– По-моему, один из них там умирает, – пробормотал он. – Я слышу какие-то странные стоны. Можно, я открою дверь и посмотрю?
Это было уже слишком. Наступил момент, когда я не могла больше выдержать. Что бы мы ни сделали, все будет бесполезно. Я чувствовала, что у меня начинают дрожать коленки.
– Пойдемте наверх и закроемся там в какой-нибудь комнате, – сказала я.
Когда мы выходили из гостиной, раненый на диване снова начал стонать. Его никто не слышал. На кухне все пели и смеялись, и прежде, чем запереть дверь в комнату Эдме, мы услышали грохот и звон разбитого стекла.
Каким-то образом мы проспали эту ночь, просыпаясь каждые несколько часов, теряя счет времени. Нам мешали постоянное хождение в соседней комнате и плач – то ли плакали наши собственные дети, то ли вандейские, – определить было невозможно. Эмиль жаловался на голод, несмотря на то, что хорошо поел днем. У нас с Эдме не было ни крошки во рту с самого утра.
Мы, наверное, крепко уснули к рассвету, потому что около семи нас разбудили звуки церковного колокола. Это был радостный звон, так звонят на Пасху.
– Звонят вандейцы, – сказала Эдме. – Они собираются праздновать, служить мессу в честь захвата города. Пусть подавятся своей мессой.
Дождь прекратился. Унылое солнце пыталось пробиться на небо сквозь белесую пелену.

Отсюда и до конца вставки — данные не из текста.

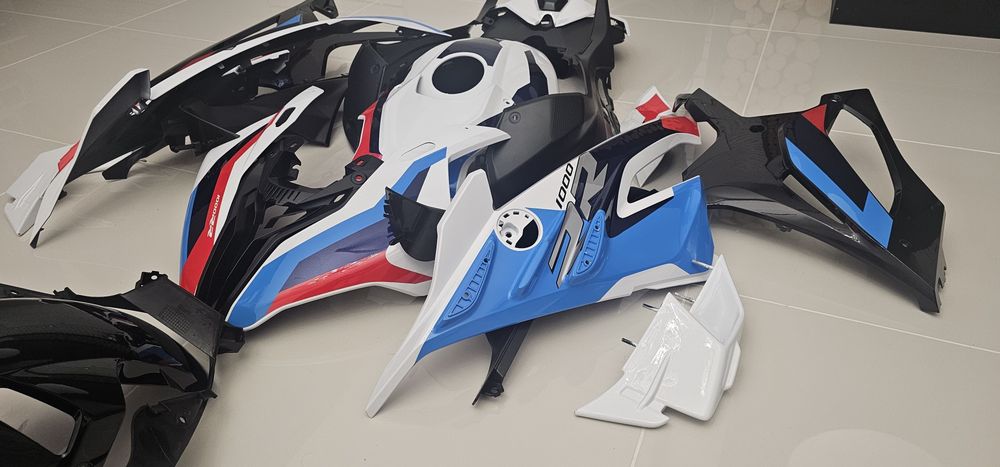 BMW M1000RR 2020-22 zestaw osłon owiewki Nowe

– На улице никого нет, – сказал Эмиль. – В доме напротив закрыты все ставни, их еще не открывали. Можно, я спущусь и посмотрю, что делается на улице?
– Нет, – сказала я. – Пойду сама.
Я пригладила волосы, оправила платье и отперла дверь.
В доме царила тишина, если не считать громкого храпа в одной из комнат. Дверь была полуоткрыта, и я туда заглянула. Женщина с ребенком спала на кровати, рядом с ней – мужчина. На полу спал один из детей другой женщины.
Я прокралась наверх и заглянула в гостиную. Там царил полный беспорядок – на полу валялись разбитые бутылки, как попало, спали люди. Человек с ампутированной ногой по-прежнему лежал на диване, но на самом краю, закинув руки за голову. Он тяжело дышал, при каждом вдохе из горла вырывался хрип. Он, по-видимому, был без сознания. Дверь, ведущая в библиотеку Пьера, по-прежнему была закрыта, и я не могла зайти к больным и узнать, как они себя чувствуют, потому что боялась наступить на спящих.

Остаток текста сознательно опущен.